=== DATA ===

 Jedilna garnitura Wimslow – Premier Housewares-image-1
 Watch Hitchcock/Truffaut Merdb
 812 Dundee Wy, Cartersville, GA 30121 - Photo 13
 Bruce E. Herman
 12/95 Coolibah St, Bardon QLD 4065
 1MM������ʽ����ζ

===
=== DATA ===

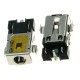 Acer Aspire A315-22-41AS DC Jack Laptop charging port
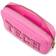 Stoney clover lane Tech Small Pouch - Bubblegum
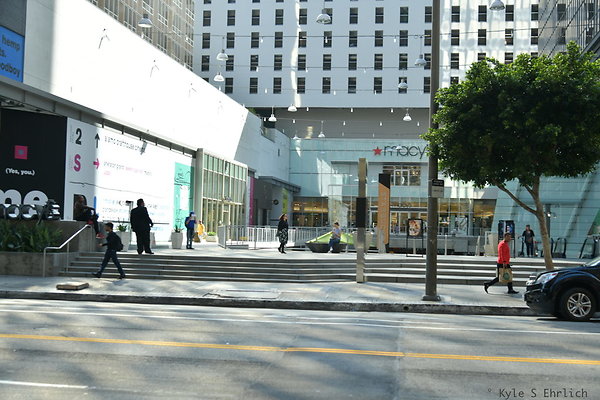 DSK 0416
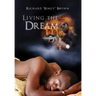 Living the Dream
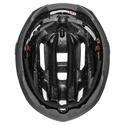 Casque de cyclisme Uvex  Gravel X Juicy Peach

===
=== DATA ===

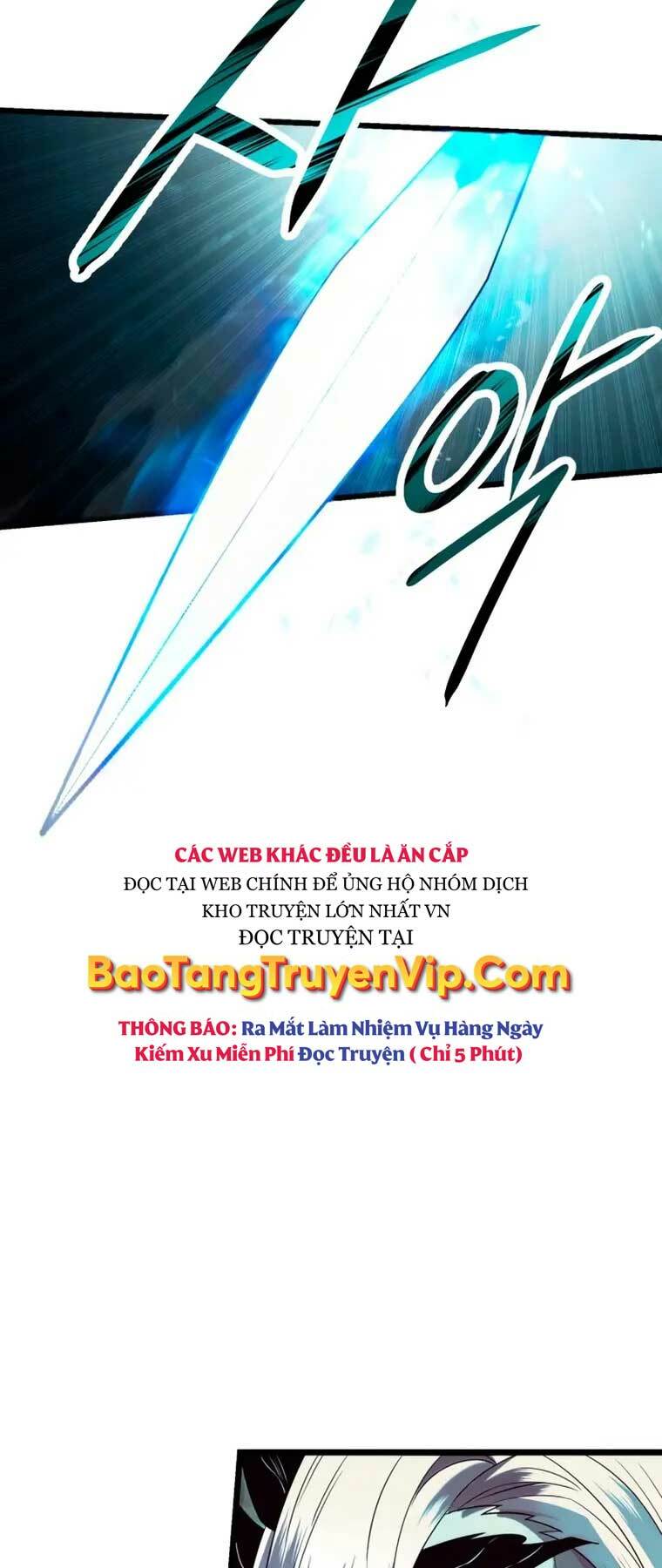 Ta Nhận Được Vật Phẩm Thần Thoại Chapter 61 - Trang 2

===

WORK INSTRUCTIONS –
All that is wanted is an exact copy of the lines above from the one with "812 Dundee Wy, Cartersville, GA" through the one with "1MM������ʽ����ζ", with both ends included.

PROBLEM SOLUTION –
 812 Dundee Wy, Cartersville, GA 30121 - Photo 13
 Bruce E. Herman
 12/95 Coolibah St, Bardon QLD 4065
 1MM������ʽ����ζ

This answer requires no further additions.